Ziel: wenig Gewebe – viel Fleisch
Seit etwa zehn Jahren sind Forscher und Unternehmen auf diesem Gebiet erfolgreich, jetzt gibt es erste marktorientierte Initiativen – allerdings lag der Preis für ein Kilo so gewachsenes Fleisch vor etwa zwei Jahren noch bei rund 5.000 US-Dollar (rund 4.800 Euro). . Das Team um Aleksandra Fuchs vom Austrian Centre for Industrial Biotechnology (acib) und Viktorija Vidimce-Risteski vom Institut für Molekulare Biotechnologie der Technischen Universität (GU) Graz will das mittelfristig deutlich reduzieren: Dazu wollen wir müssen kleine Fleischstücke in einer Nährlösung eingeweicht werden, so dass aus wenigen Millimetern Gewebe schließlich bis zu zwei Tonnen Fleisch werden.
Zwei Ansätze
Der Fokus liegt „zum einen auf der Herstellung alternativer Fleischprodukte und zum anderen auf der Produktion von tierischen Proteinen, wie den wichtigen Eisenüberträgern Myoglobin und Hämoglobin, die auch für alternative Fleischprodukte benötigt werden“, heißt es Vidimce-Risteski. .
Täusche den Nilpferdpfad
In der ersten werden biologische Mechanismen genutzt, die tief in der Evolutionsgeschichte verwurzelt sind, um das Muskelwachstum zu stimulieren. Einerseits ist es die Unterbrechung eines Informationsweges in den Zellen, der sie daran hindert, sich mehr oder weniger ungehindert zu teilen. Der sogenannte “Hippopotamus-Weg” ist eigentlich für die Begrenzung des Wachstums in der begrenzten Umgebung des Körpers verantwortlich. Seit anderthalb Jahren suchen Grazer Forscher nach vielversprechenden Wirkstoffen, mit denen sich der Signalweg blockieren lässt. Inzwischen sind viele vielversprechende Kandidaten identifiziert worden, die in sehr kleinen Mengen die gewünschte Entwicklung anregen. „Bisher haben wir mit drei Wirkstoffen extrem gute Ergebnisse erzielt“, sagt Fuchs. Die Prüfungen weiterer Kandidaten stehen noch aus.
Muskelschmerzen vortäuschen
Im nächsten Schritt täuschen die Wissenschaftler dem Gewebe dann Schmerzen vor, indem sie Botenstoffe – die sogenannten Myokine – zusetzen, die auch nach körperlicher Anstrengung oder sportlichem Training ausgeschüttet werden – das regt ebenfalls das Wachstum an. Diese Moleküle werden dann in die Nährlösung eingebaut, wodurch lebenswichtige Moleküle wie Aminosäuren, Mineralien und andere Nährstoffe in die Zellen gelangen. Auch tierische Myoglobine und Hämoglobine, die für die Geschmacks- und Geruchsentwicklung von Fleisch wichtig sind, konnten die Forscher schonend herstellen. Künftig sollen die Zutaten für den Cocktail möglichst vollständig in modifizierten Hefezellen hergestellt werden, „um einen niedrigen Preis zu ermöglichen“, sagte Fuchs.
Nur Fisch funktioniert anders
Die hier anvisierten biologischen Prozesse sind so grundlegend, dass sie sowohl von einer Vielzahl von Fleischlieferanten als auch von Geflügel zur Zellstimulation genutzt werden können. Bei Fischen seien die Mechanismen jedoch ganz andere, räumte Fuchs ein.

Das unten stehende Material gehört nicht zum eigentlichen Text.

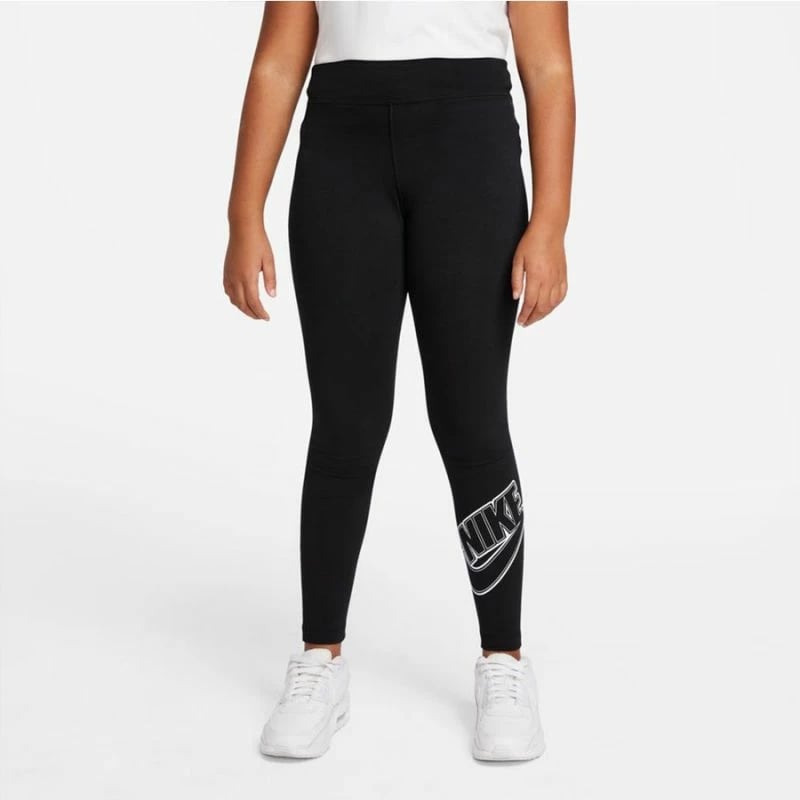 Leggings për femra Nike Sportswear Essential Jr, të zeza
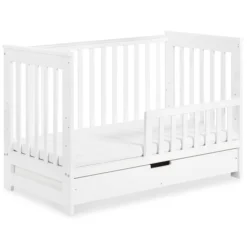 Babykamer Lieke Wit: Ledikant & Commode 18 Babykamer Lieke Wit: Ledikant & Commode -Babyproducten Winkel ledikant lieke wit 60x120 cm 2 1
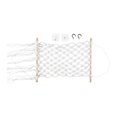 thumbnail image 2 of Hamaca Colgante de Frutas Hamaca de Frutas de Macramé con Ganchos Hamaca de Frutas para Cocina deb Del Gabinete de Macramé Los 35x50cm Macarena Cesta de frutas de macramé, 2 of 8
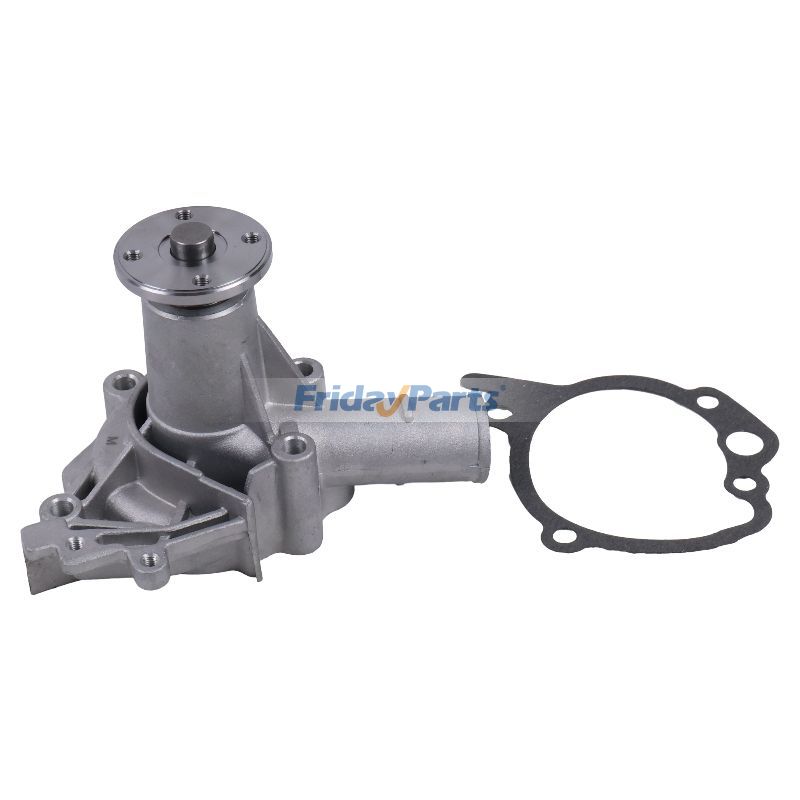 Wasserpumpe mit Dichtung MD997077 MD997610 für Mitsubishi Motor 4G32 4G33 4G63 Gabelstapler FG10 FG14 FG15 FG18 FGC10 FGC15 KFG20 KFG23 KFG25für Für CAT,Für Mitsubishi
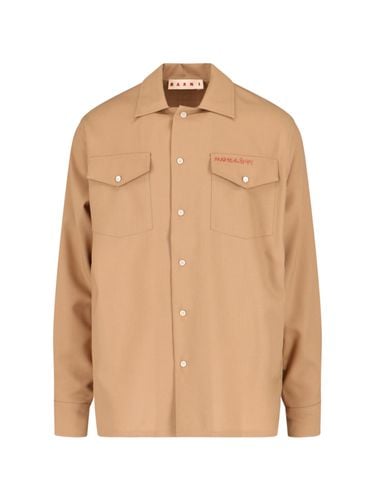 Marni Multipocket Logo Shirt - Marni - Modalova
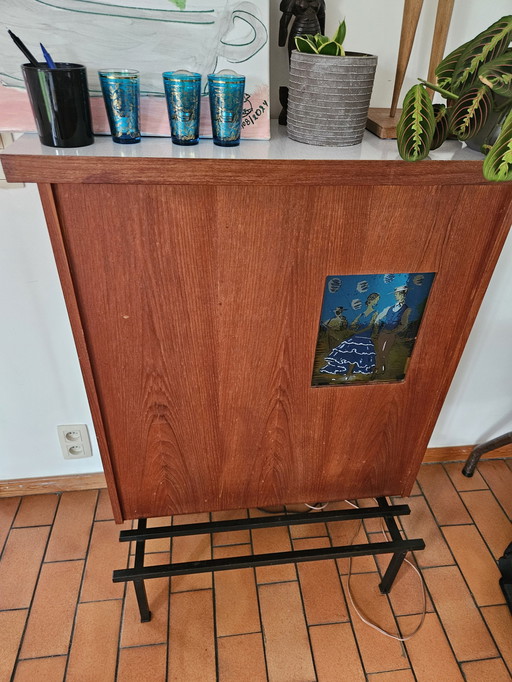 Vintage small bar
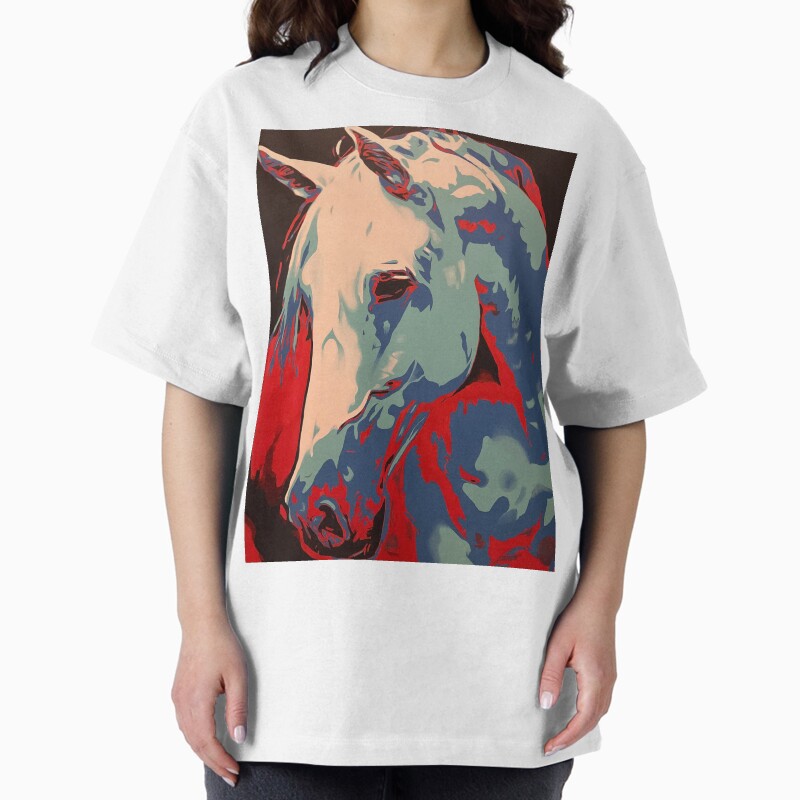 Equestrian Pulse Unisex Graphic T Shirt Short Sleeve Tee Everyday Casual Wear 2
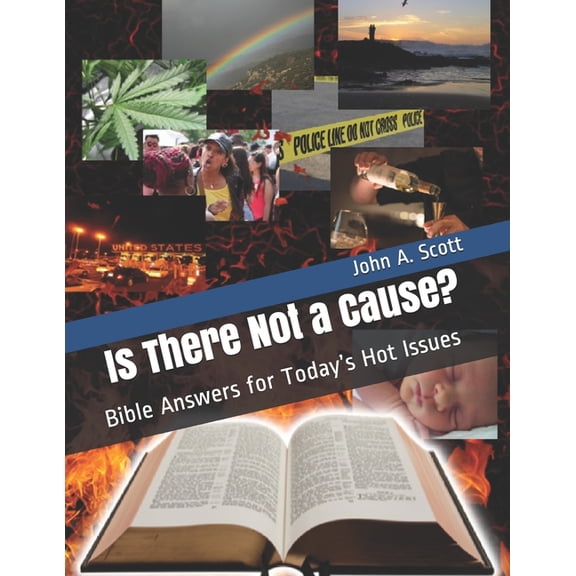 Is There Not a Cause?: Bible Answers for Today's Hot Issues, (Paperback)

Die Ergebnisse der Befragung müssen frei zugänglich sein
Alle Verfahren und Methoden, die derzeit in der Steiermark entwickelt werden, sollen nach Projektende Ende 2023 der weltweiten Forschungsgemeinschaft frei zugänglich gemacht werden – so die Vorgabe der privaten DFK-Stiftung, die das Projekt fördert. Dadurch kann jeder potenzielle Erzeuger die Ergebnisse erhalten. “Das ist sehr einzigartig”, weil viele andere Akteure mit Informationen zum Stand ihrer Ermittlungen geizen, sagt Fuchs. Das Team selbst sucht noch nach Partnern, die versuchen, es hier, zum Beispiel in Österreich, umzusetzen. Auch wenn vieles im Dunkeln liegt, glaubt der Forscher, dass der Ansatz des „kultivierten Fleisches“ international führend ist.